DISE as a diagnostic procedure has important logistical drawbacks. There are costs and risks (allergic reaction and airway obstruction) that must be balanced against the benefits of the procedure, and ultimately specific subgroups of patients may benefit most from the procedure.
Although DISE has demonstrated validity compared to a gold standard of polysomnography,10-13
the ideal fiberoptic evaluation of the airway would occur with natural sleep. Previous researchers have shown that this is cumbersome and problematic, in part due to activation of airway reflexes with instrumentation. DISE requires drug-induced sleep, and the differences from natural sleep have not been elucidated completely.
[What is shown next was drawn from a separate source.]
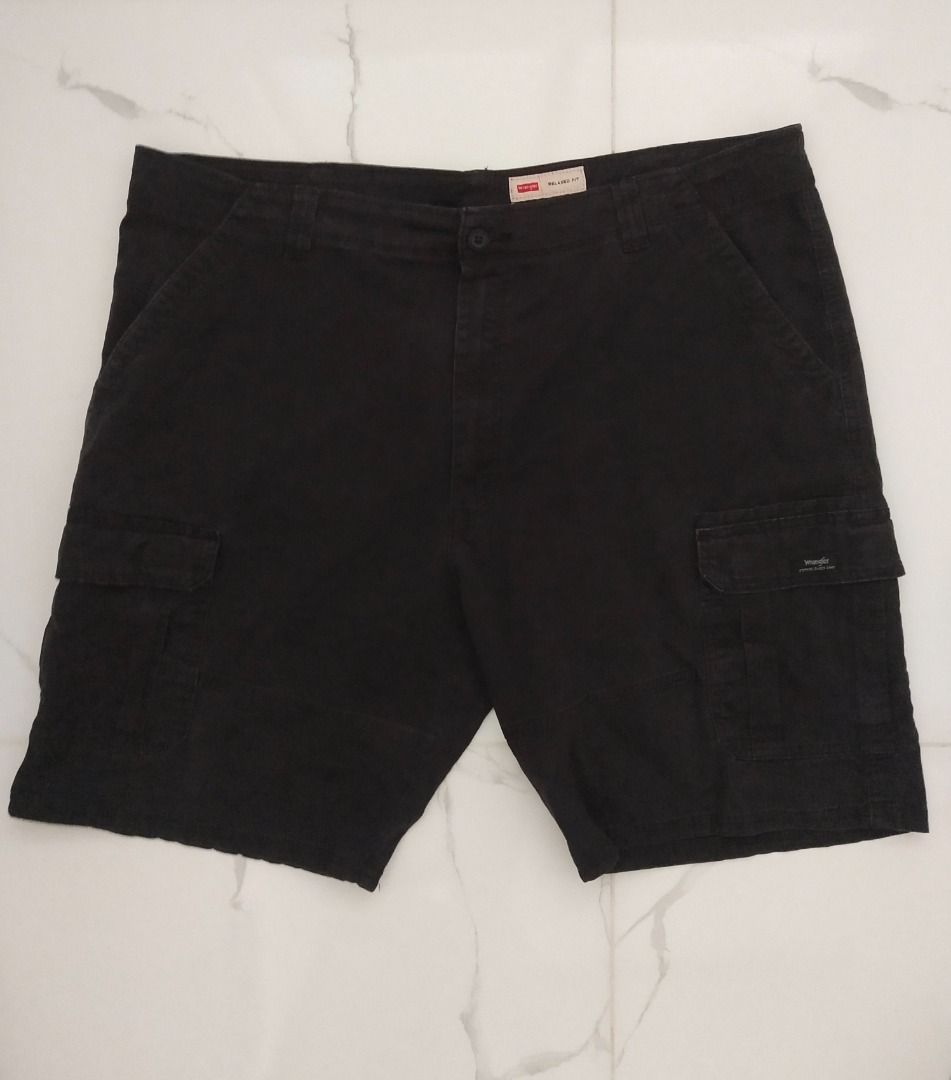 Wrangler cargo short 42 (Category: Shorts) located in Trece Martires City. Submitted by cee_sar (Listing ID 1470667597, Image 1). Description: W 32 X L 43 leg open 7.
Because there is likely heterogeneity in the anatomical factors that produce airway obstruction in OSA, it is reassuring that patients in this study demonstrated a diversity of obstruction patterns during DISE. Further research can compare upper airway mechanics and physiology during drug-induced and natural sleep.
The final limitation of our study was that both reviewers are experienced sleep surgeons. We examined four types of test-retest reliability and found that the correlation for ratings for two different reviewers was similar to the correlation for different evaluations and exams. The generalizability of the findings can be explored with larger studies that include more reviewers.